» Pictures with short captions
::::::::

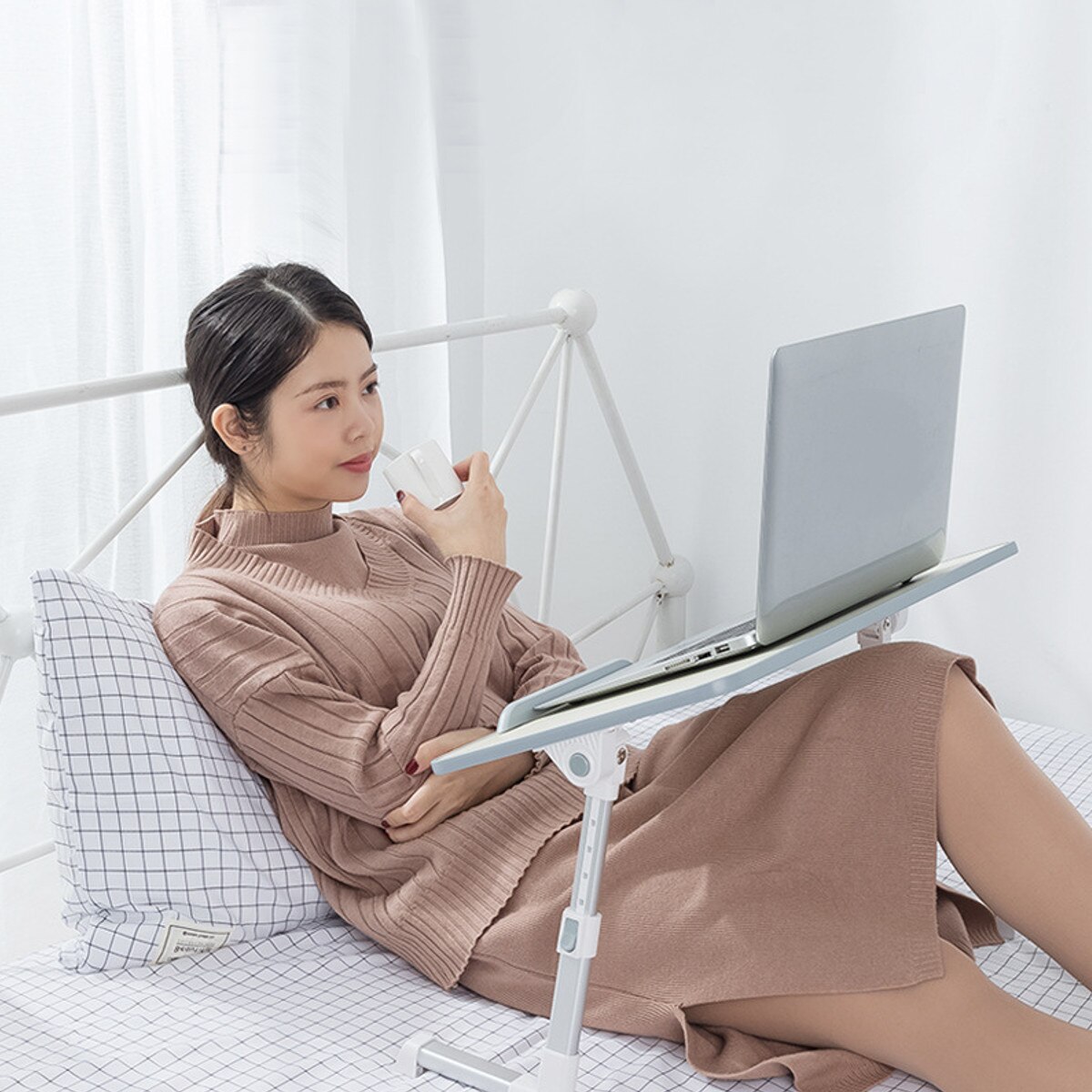 Multifunction Simple Folding Adjustable Laptop Desk With Cooling Fan Lifting Small Table Dormitory Computer Table BedDesk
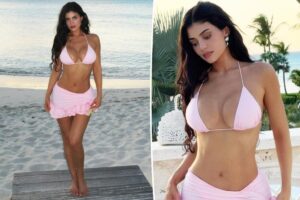 Kylie Jenner models barely-there pink bikini in Turks & Caicos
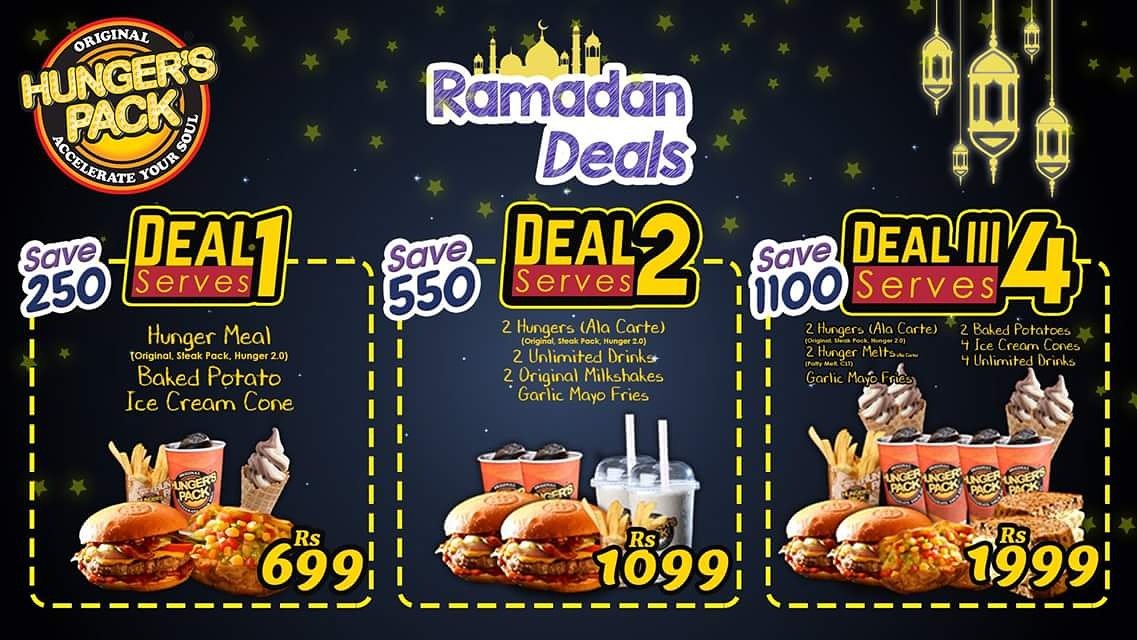 hungerspack's tweet photo. All #hungerramadan Deals. #burgers #karachi #ramadan #foodie #foodblogger #foodunplugged #burgerparty #burgeroff https://t.co/iCkNEHzpoA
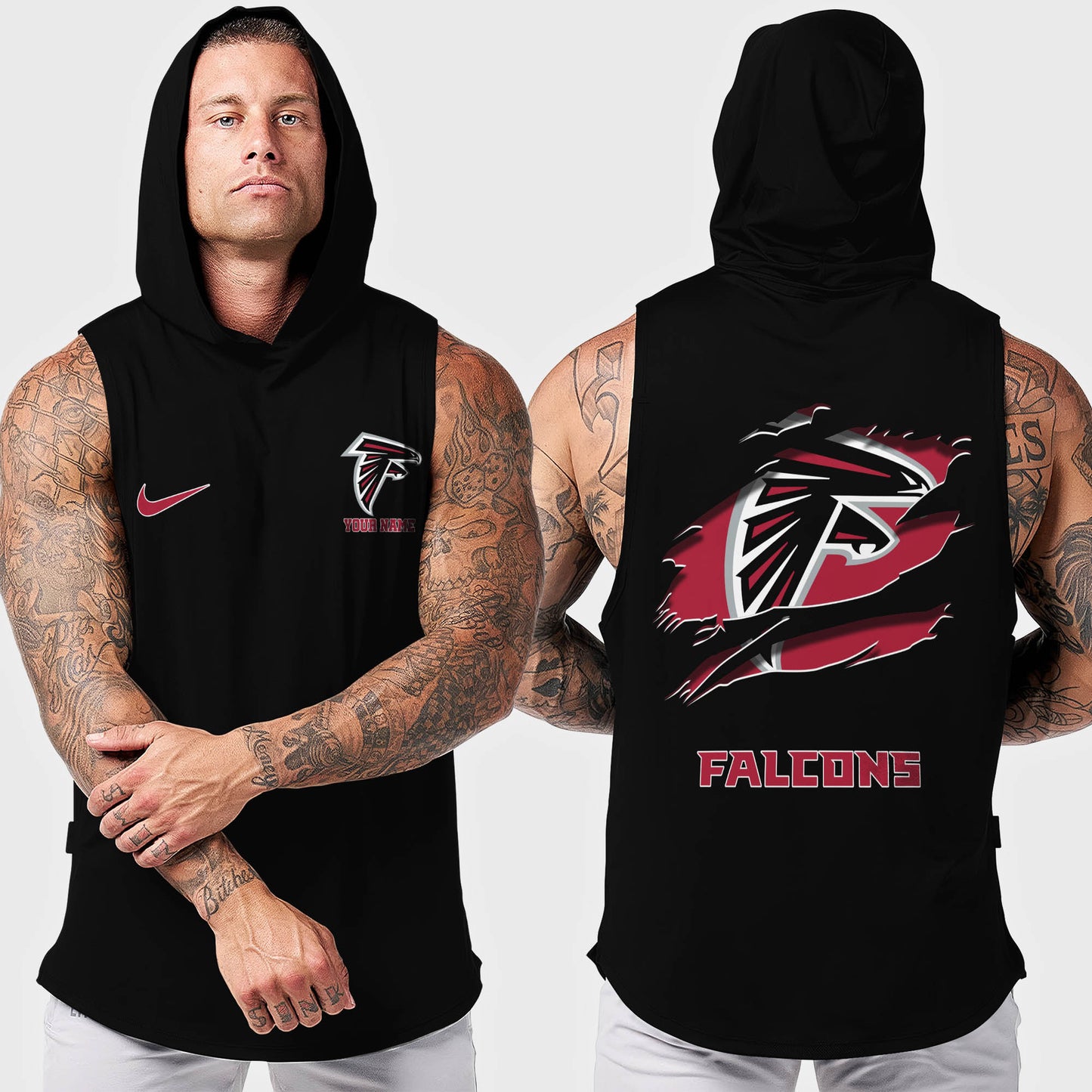 Atlanta Falcons Men Workout Hooded Tank Top AZMGSH002
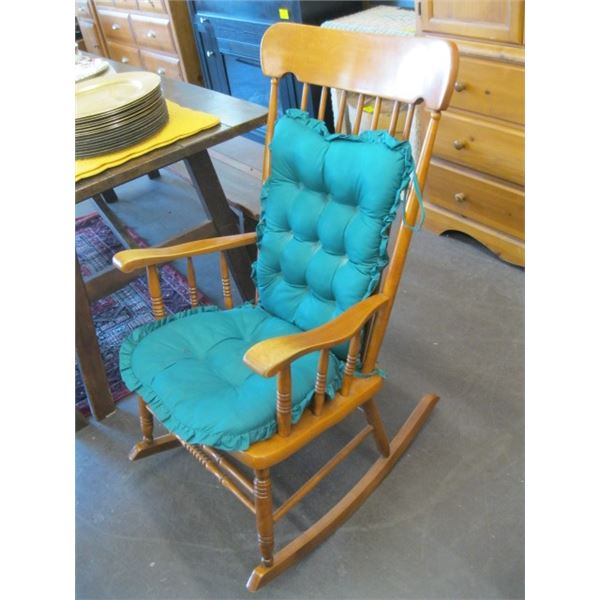 WOOD ROCKING CHAIR WITH GREEN CUSHION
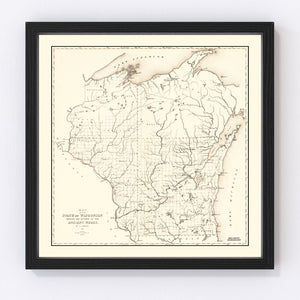 Vintage Map of Wisconsin 1855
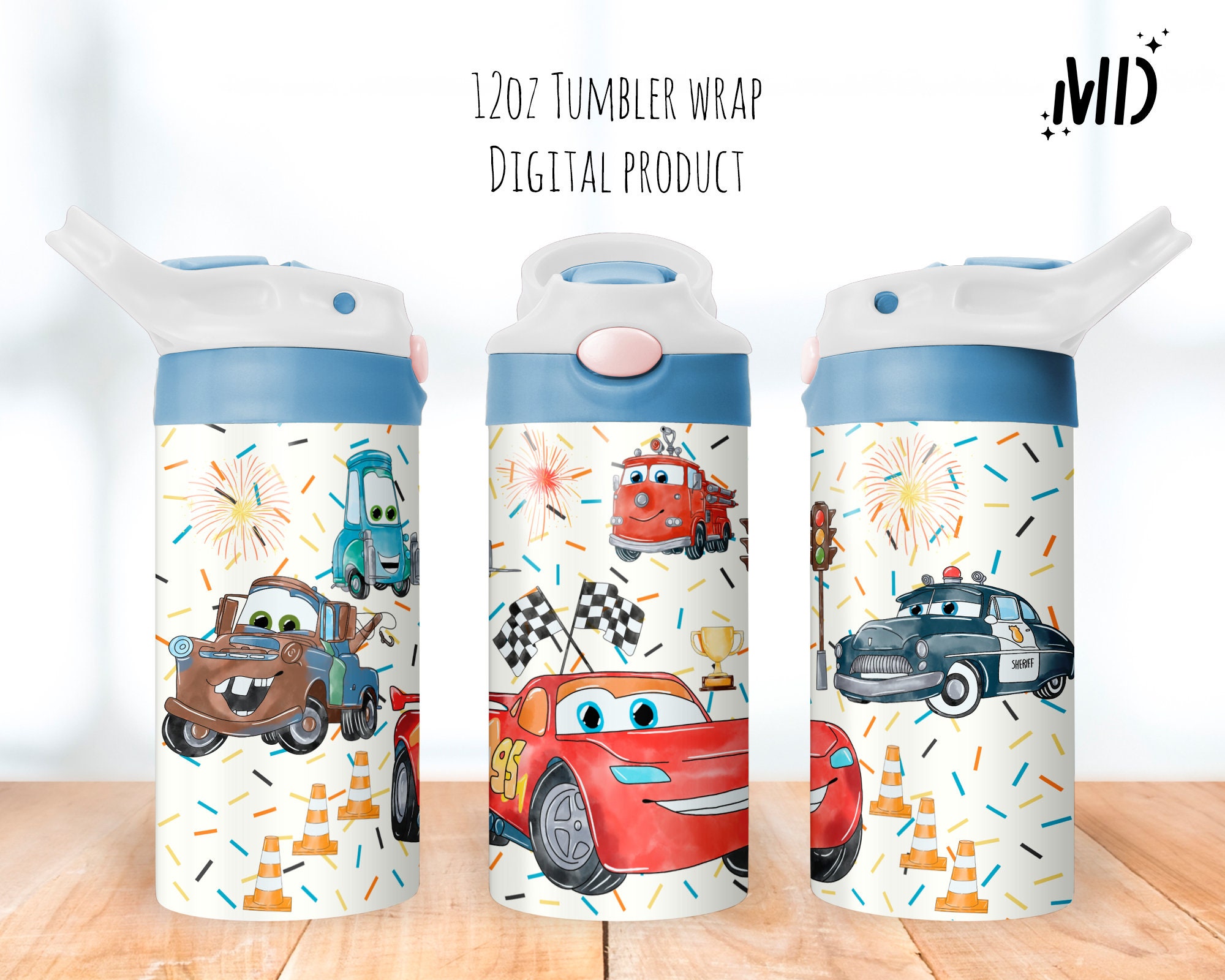 12 Oz Flip Top Kids Water Bottle Tapered Graphic by bambina33334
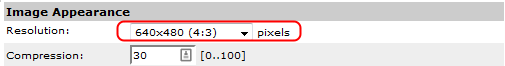 Under image appearance there is a dropdown for setting the resolution.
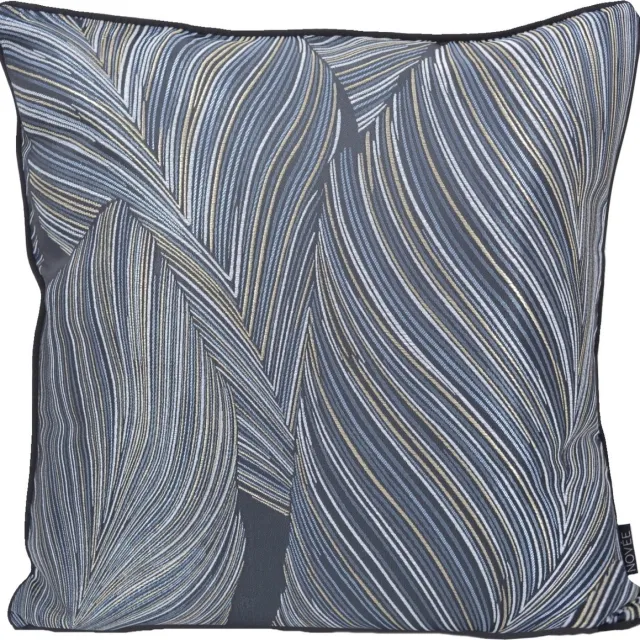 NOVÉE Sierkussen Midnight Leaves | 45 x 45 cm | Jacquard/Polyester Zwart-Blauw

::::::::

» PROBLEM DETAILS
Pictures are to be dropped; the lines from the start of the entries above through the line with "Vintage Map of Wisconsin 1855" are to be given again verbatim.

» SOLUTION FOR THIS TASK
 Multifunction Simple Folding Adjustable Laptop Desk With Cooling Fan Lifting Small Table Dormitory Computer Table BedDesk
 Kylie Jenner models barely-there pink bikini in Turks & Caicos
 hungerspack's tweet photo. All #hungerramadan Deals. #burgers #karachi #ramadan #foodie #foodblogger #foodunplugged #burgerparty #burgeroff https://t.co/iCkNEHzpoA
 Atlanta Falcons Men Workout Hooded Tank Top AZMGSH002
 WOOD ROCKING CHAIR WITH GREEN CUSHION
 Vintage Map of Wisconsin 1855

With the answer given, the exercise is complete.